■ **WORK ITEM**
Retype the material that follows exactly, limited to the lines from the one with "Giants fishing Funkční" through the one with "661 S 11th Avenue, Munday", and keep out all pictures.

■ **DATASET RECORDS**

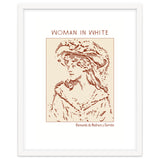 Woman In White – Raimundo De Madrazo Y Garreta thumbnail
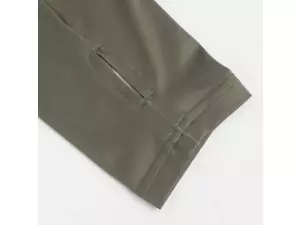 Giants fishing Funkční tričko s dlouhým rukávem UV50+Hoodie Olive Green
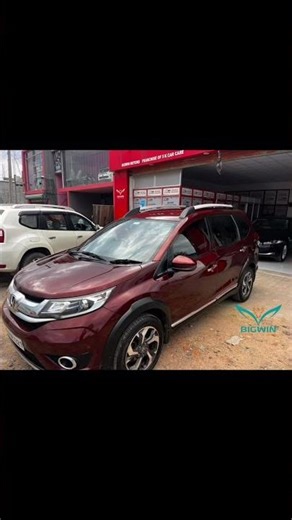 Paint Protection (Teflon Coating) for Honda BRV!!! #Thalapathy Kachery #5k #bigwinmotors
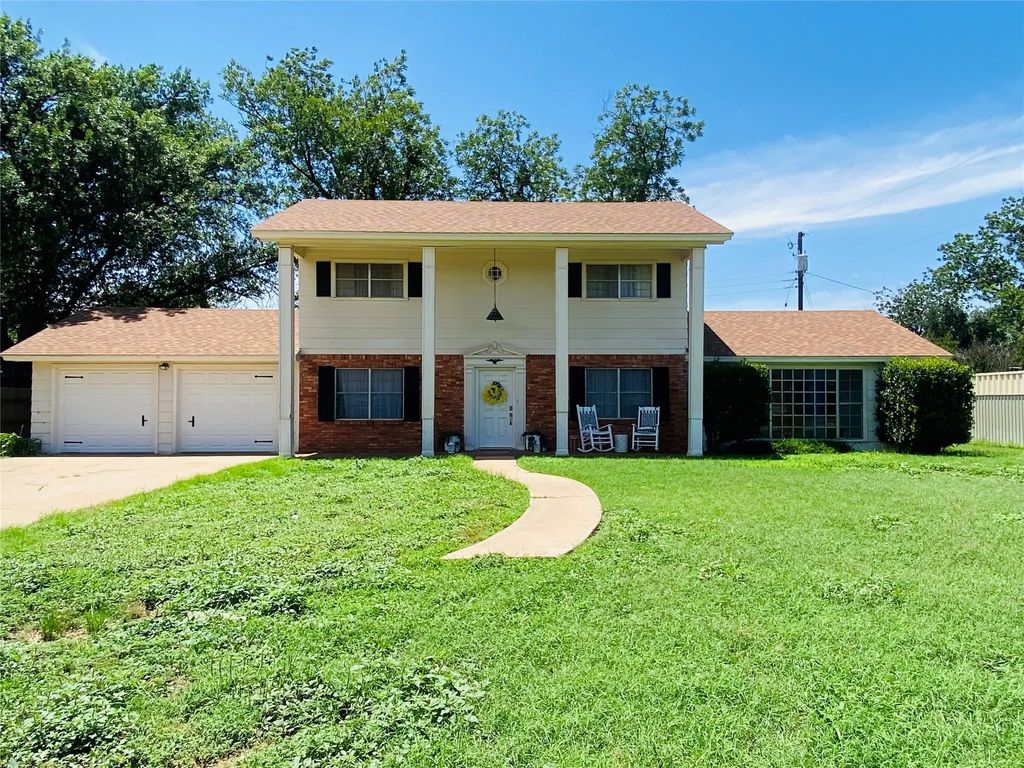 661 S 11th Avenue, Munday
---
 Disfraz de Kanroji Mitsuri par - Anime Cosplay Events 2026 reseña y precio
...
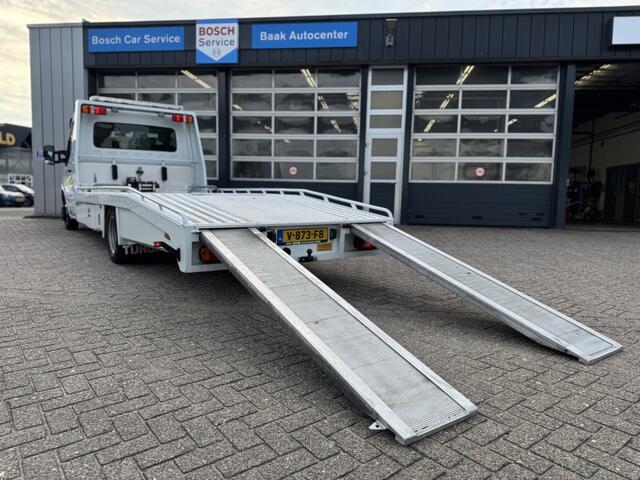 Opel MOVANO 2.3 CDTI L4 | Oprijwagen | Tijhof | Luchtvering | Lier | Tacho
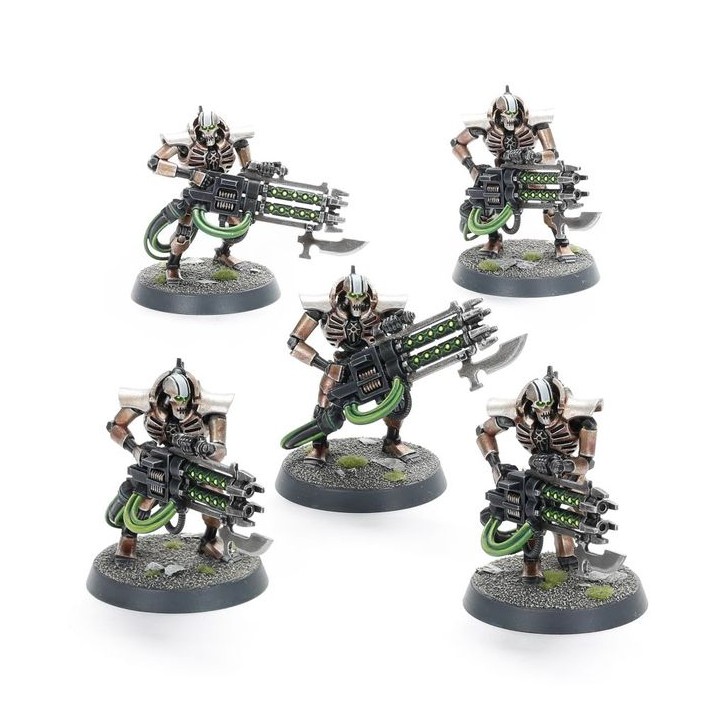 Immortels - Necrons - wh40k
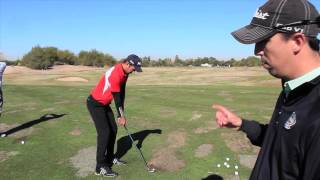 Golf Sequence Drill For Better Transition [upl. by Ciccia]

■ **FINISHED EXERCISE**
 Giants fishing Funkční tričko s dlouhým rukávem UV50+Hoodie Olive Green
 Paint Protection (Teflon Coating) for Honda BRV!!! #Thalapathy Kachery #5k #bigwinmotors
 661 S 11th Avenue, Munday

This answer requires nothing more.